== Material supplied ==
______________________________
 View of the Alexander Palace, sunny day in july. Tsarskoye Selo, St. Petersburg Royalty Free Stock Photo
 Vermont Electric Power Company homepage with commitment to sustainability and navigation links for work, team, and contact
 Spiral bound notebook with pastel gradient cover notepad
______________________________
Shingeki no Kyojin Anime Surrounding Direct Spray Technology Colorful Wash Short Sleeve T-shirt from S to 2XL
______________________________
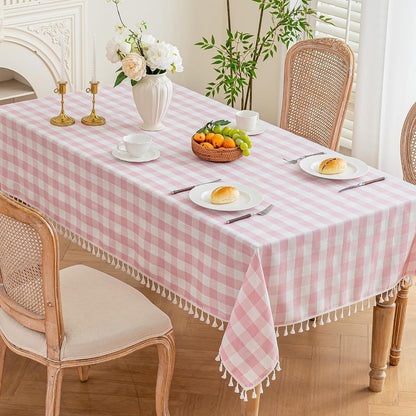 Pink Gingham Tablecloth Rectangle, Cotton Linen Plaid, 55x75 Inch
______________________________
== What you should do ==
Everything above from the line with "Vermont Electric Power" to the line with "Spiral bound notebook", both included, must be repeated exactly, and nothing outside that range.

== Output below ==
 Vermont Electric Power Company homepage with commitment to sustainability and navigation links for work, team, and contact
 Spiral bound notebook with pastel gradient cover notepad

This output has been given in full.